Спросим котел медный: "Отчего позеленел, бедный?" И он ответит (если сможет) следующее.

Воздух -- сложная смесь газов, где, кроме кислорода и азота, есть углекислый газ, пары воды и небольшая примесь сероводорода. Они и вызывают образование на поверхности медных, латунных и бронзовых изделий черного налета оксида меди CuO и сульфида меди CuS, или зеленого налета гидроксида-карбоната меди Cu2CO3(OH)2 -- вещества такого же состава, как минерал малахит.

Чтобы удалить черноту и зелень, поверхность медного или латунного изделия протирают тампоном, смоченным в нашатырном спирте ( водном растворе аммиака, а потом ополаскивают металл теплым мыльным раствором. Аммиак NH3 реагирует с соединениями меди, которые дают черный и зеленый налет, с образованием хорошо растворимого в воде аммиачного комплекса состава [Cu(NH3)4](OH)2.

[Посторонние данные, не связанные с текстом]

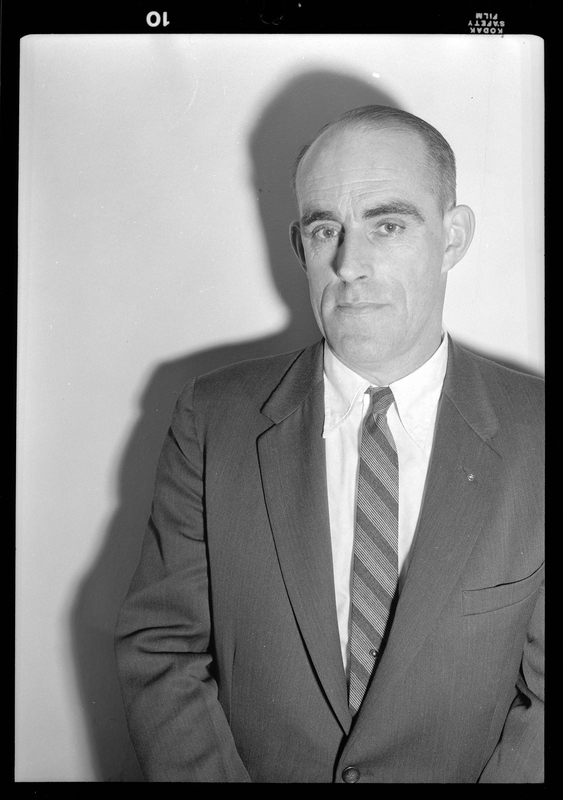 Photo of a man wearing a suit. Possibly Bill Featherstone.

Другое средство для чистки поверхности меди и латуни -- смесь щавелевой кислоты (1 г), этилового спирта (5 мл), скипидара (4 мл) и воды (1 мл). Ее взбалтывают и наносят на очищаемое место мягким тряпичным тампоном, а через 5--10 минут протирают изделие сухой тряпкой. Скипидар и спирт обезжиривают поверхность, а щавелевая кислота взаимодействует с соединениями меди с образованием соли -- оксалата меди CuC2O4, который легко удаляется с поверхности металла. 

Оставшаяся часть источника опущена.